| What needs to be done |
What you return should match the data below exactly, with no pictures in it.

| Data section |
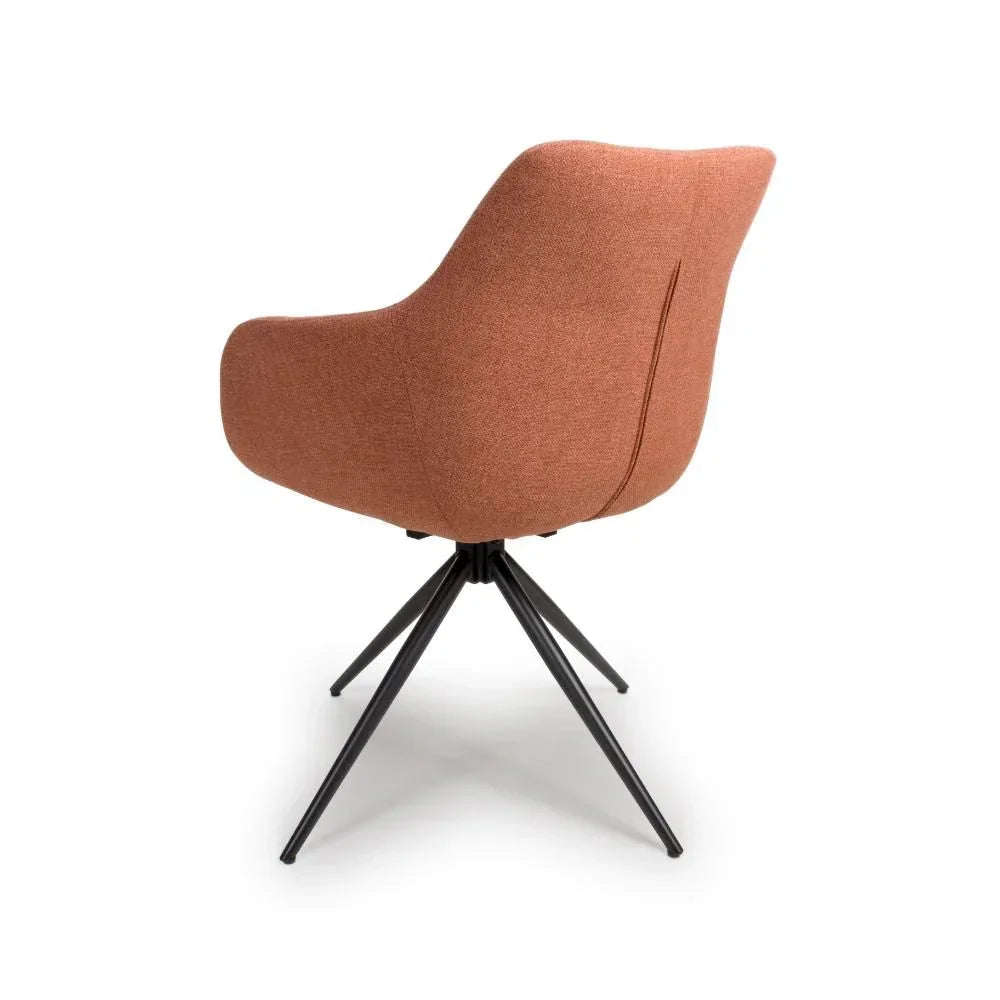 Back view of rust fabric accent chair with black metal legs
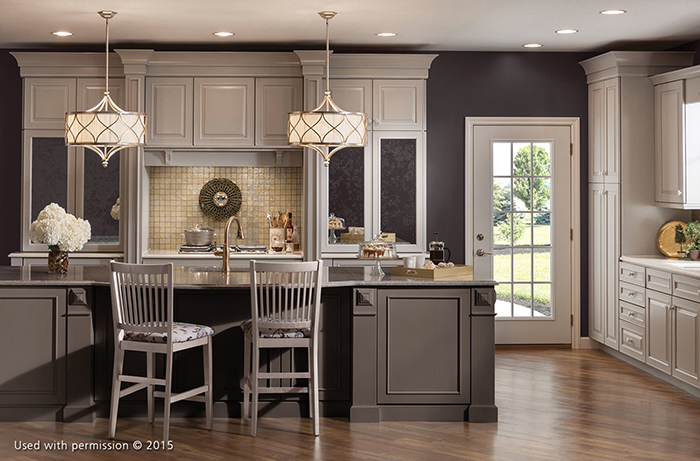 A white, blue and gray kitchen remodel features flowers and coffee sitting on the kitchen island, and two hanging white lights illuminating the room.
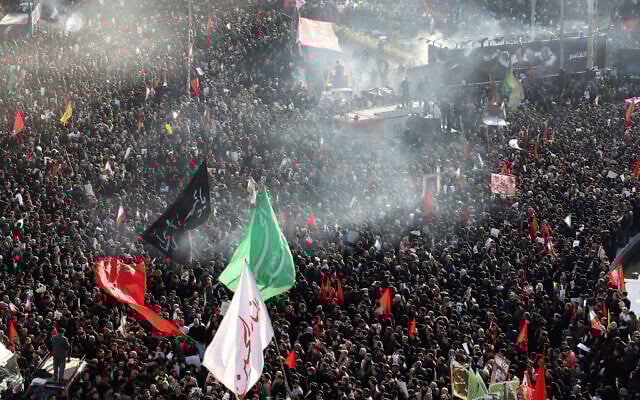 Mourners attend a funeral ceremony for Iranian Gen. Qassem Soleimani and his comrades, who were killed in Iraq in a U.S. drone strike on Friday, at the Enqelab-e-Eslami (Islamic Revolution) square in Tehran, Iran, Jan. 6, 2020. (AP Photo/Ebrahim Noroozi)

| Reply to the task |
 Back view of rust fabric accent chair with black metal legs
 A white, blue and gray kitchen remodel features flowers and coffee sitting on the kitchen island, and two hanging white lights illuminating the room.
 Mourners attend a funeral ceremony for Iranian Gen. Qassem Soleimani and his comrades, who were killed in Iraq in a U.S. drone strike on Friday, at the Enqelab-e-Eslami (Islamic Revolution) square in Tehran, Iran, Jan. 6, 2020. (AP Photo/Ebrahim Noroozi)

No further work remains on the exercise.